Title: RECOVERY OF SOLVENTS FROM MIXED PRODUCTION FLUIDS
AND SYSTEM FOR DOING SAME
FIELD OF THE INVENTION
This invention relates to a hydrocarbon separation process and a system to perform such a process. In particular, this invention relates to a separation process in which one or more light hydrocarbon species, such as solvents, which may be present in mixed recovered production fluids from an in situ heavy oil or bitumen extraction process, can be separated from the other recovered fluids such as water, other light hydrocarbons and heavy hydrocarbons, such as sales oil.
BACKGROUND OF THE INVENTION
Environmentally acceptable extraction of hydrocarbons from the oil sands remains a challenge. In situ techniques, such as SAGD, are being used but they come with a heavy carbon emission cost. As a result, other technologies for in situ extraction are being explored. One area that shows promise is the use of hydrocarbon based solvents in an in situ extraction process. Solvents offer the potential to reduce the extraction temperature as compared to SAGD. Such reduced temperatures reduce the energy required to extract the hydrocarbons in place, resulting in much reduced carbon emissions for the recovery of an equivalent amount of resource through a solvent process as compared to, for example, SAGD.
An example of such an in situ solvent based process is the nsolv gravity drainage process which uses condensing solvent within an underground extraction chamber to warm and dissolve the bitumen in place rather than using the high temperature and high pressure steam of SAGD to mobilize the bitumen. The more modest temperatures and pressures can result in significant potential energy savings as compared to conventional SAGD with commensurate potential carbon emission reductions. Other solvent based technologies have also been proposed including combining solvent with steam and using solvent in conjunction with other sources of energy, such as RF energy. In all of these cases solvent is being injected into the oil bearing formation to help mobilize the bitumen so the bitumen can drain and be recovered with the produced fluids.
The hydrocarbon based solvents referred to here are generally lighter hydrocarbon species such as propane, butane and the like. Methane injection has also been proposed in certain processes, such as VAPEX, where it theoretically acts as a carrier gas or a displacement gas, but this process of injecting a mixed gas has not worked in practice. Rather than helping, methane may become a problem in the reservoir because it interferes with the mass and heat transfer of the solvent onto the bitumen at the extraction interface.

However, some methane is usually naturally present in an underground gravity drainage extraction chamber dissolved in the in situ bitumen or hydrocarbons.

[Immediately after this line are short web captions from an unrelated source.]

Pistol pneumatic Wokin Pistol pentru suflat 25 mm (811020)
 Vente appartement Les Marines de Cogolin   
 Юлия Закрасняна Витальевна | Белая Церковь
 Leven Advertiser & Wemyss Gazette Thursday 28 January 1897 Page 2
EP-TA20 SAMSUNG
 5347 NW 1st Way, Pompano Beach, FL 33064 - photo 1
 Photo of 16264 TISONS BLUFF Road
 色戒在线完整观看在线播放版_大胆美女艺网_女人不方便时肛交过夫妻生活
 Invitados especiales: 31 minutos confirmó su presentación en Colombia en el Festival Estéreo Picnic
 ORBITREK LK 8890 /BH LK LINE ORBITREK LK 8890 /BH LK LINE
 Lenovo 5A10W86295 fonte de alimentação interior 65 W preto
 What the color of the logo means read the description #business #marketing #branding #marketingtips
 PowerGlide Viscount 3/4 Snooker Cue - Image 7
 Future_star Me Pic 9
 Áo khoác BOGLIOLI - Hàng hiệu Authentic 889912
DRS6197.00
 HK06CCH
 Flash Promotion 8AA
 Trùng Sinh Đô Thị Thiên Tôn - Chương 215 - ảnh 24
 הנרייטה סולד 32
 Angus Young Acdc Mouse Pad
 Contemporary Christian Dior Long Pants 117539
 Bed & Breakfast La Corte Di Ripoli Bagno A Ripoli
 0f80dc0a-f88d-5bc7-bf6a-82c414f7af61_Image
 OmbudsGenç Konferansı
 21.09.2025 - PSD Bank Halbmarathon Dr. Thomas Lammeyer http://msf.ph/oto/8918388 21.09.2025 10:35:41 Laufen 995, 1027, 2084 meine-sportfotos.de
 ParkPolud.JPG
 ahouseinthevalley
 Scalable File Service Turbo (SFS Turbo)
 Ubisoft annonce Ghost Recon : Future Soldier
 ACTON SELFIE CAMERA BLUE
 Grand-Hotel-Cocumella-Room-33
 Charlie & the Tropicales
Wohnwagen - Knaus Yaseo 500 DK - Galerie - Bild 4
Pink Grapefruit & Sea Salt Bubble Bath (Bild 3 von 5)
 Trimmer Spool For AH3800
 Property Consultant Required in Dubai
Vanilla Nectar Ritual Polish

Warming such hydrocarbons may result in methane as an off gas product from the hydrocarbons and so methane is likely to be produced as part of the mixed fluid production from a typical extraction. Any produced methane will need to be separated out from the solvent to maintain solvent purity before the solvent may be re-injected into the ground.
An in situ extraction process typically requires that the bitumen mobilizing material, whether it is solvent, steam, or even heat, be injected into or applied to the formation, generally into the oil bearing strata in an effort to make the bitumen mobile enough to drain through the formation. The oil rich zone or pay zone may be comprised of porous sand, rock or the like and may have heterogeneities such as clay lenses or the like. If the viscosity of the bitumen can be reduced enough the bitumen may be able to drain by gravity through the sand pack or porous parts of the formation. Then, the next step is to recover the draining liquids from the oil rich zone, for example through
2 production tubing located within or below an extraction zone. Gases may also be recovered either dissolved in the draining fluids or as a separate phase.
One typical form of recovery is through the use of horizontal wells, in which an upper well is an injection well and a lower well is the production well.
Water, naturally present or injected as steam, may also be recovered as part of the draining liquids. Artificial lift may be used to raise the production fluids to the surface.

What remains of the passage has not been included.